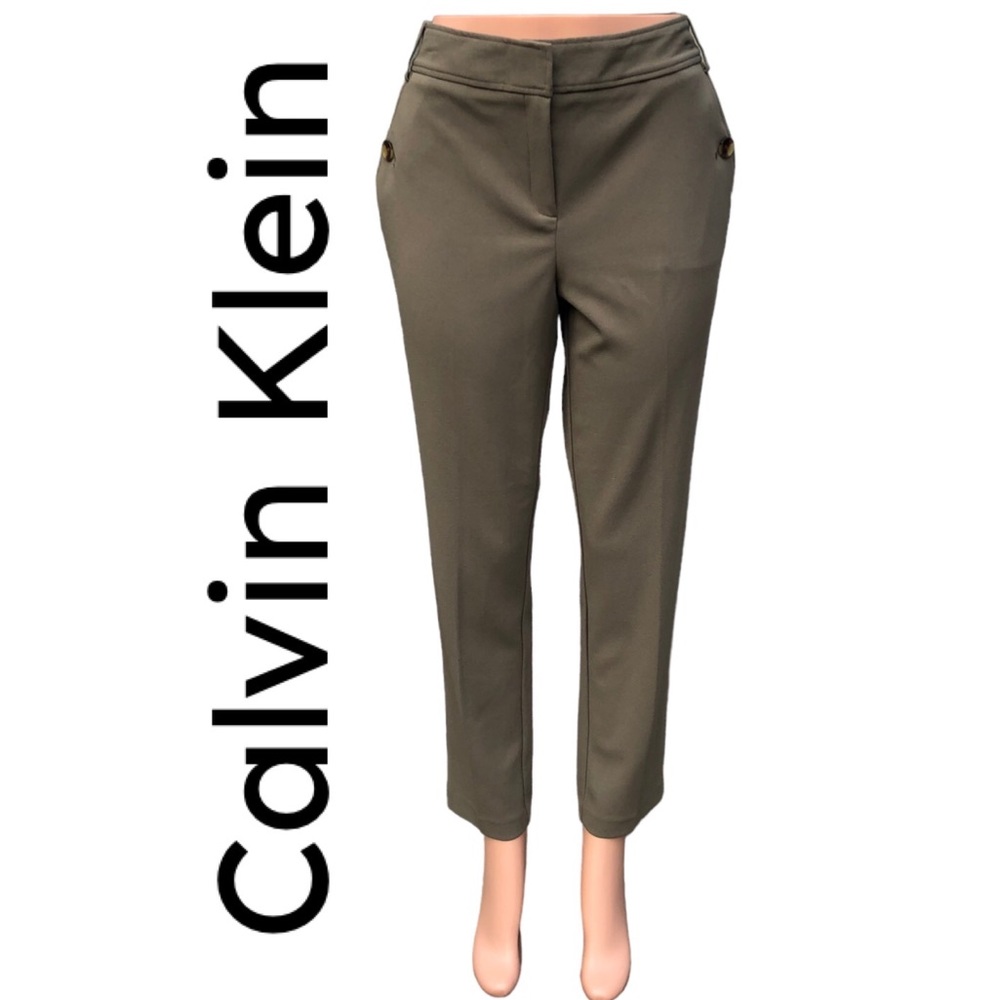 Calvin Klein dress pants work pants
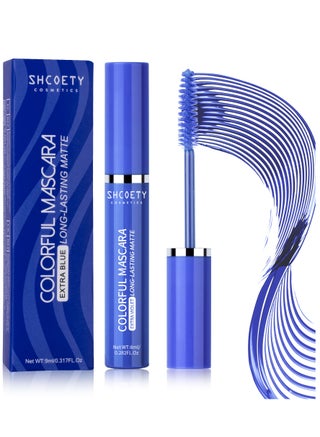 Mascara for Women Sweat Proof Ultra Long Lasting Waterproof Blue - pzsku/ZC4F018A77064A57B6B58Z/45/_/1737038605/d28172af-bad3-4081-9440-9ec95b2b26c4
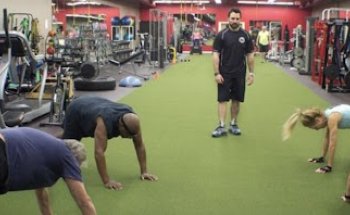 Perfect Fit Health Club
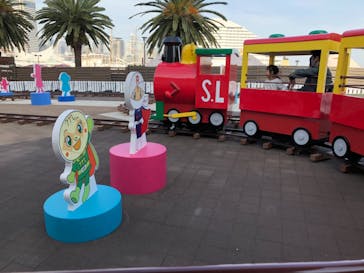 神戸アンパンマンこどもミュージアム＆モールに投稿された画像（2021/4/2）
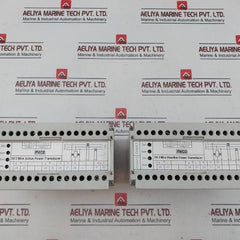Meco Wt33 Powerline Transducer 0-110Vac 4-20Madc Output 0-55Mw 3500/1Aac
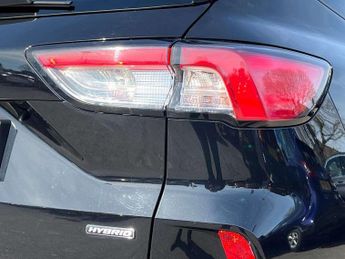 Ford Kuga 2.5 FHEV ST-Line Edition 5dr CVT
+++
• Exercise objective: With the pictures left out, output all the entries exactly.

• Expected output:
 Calvin Klein dress pants work pants
 Mascara for Women Sweat Proof Ultra Long Lasting Waterproof Blue - pzsku/ZC4F018A77064A57B6B58Z/45/_/1737038605/d28172af-bad3-4081-9440-9ec95b2b26c4
 Perfect Fit Health Club
 神戸アンパンマンこどもミュージアム＆モールに投稿された画像（2021/4/2）
Meco Wt33 Powerline Transducer 0-110Vac 4-20Madc Output 0-55Mw 3500/1Aac
 Ford Kuga 2.5 FHEV ST-Line Edition 5dr CVT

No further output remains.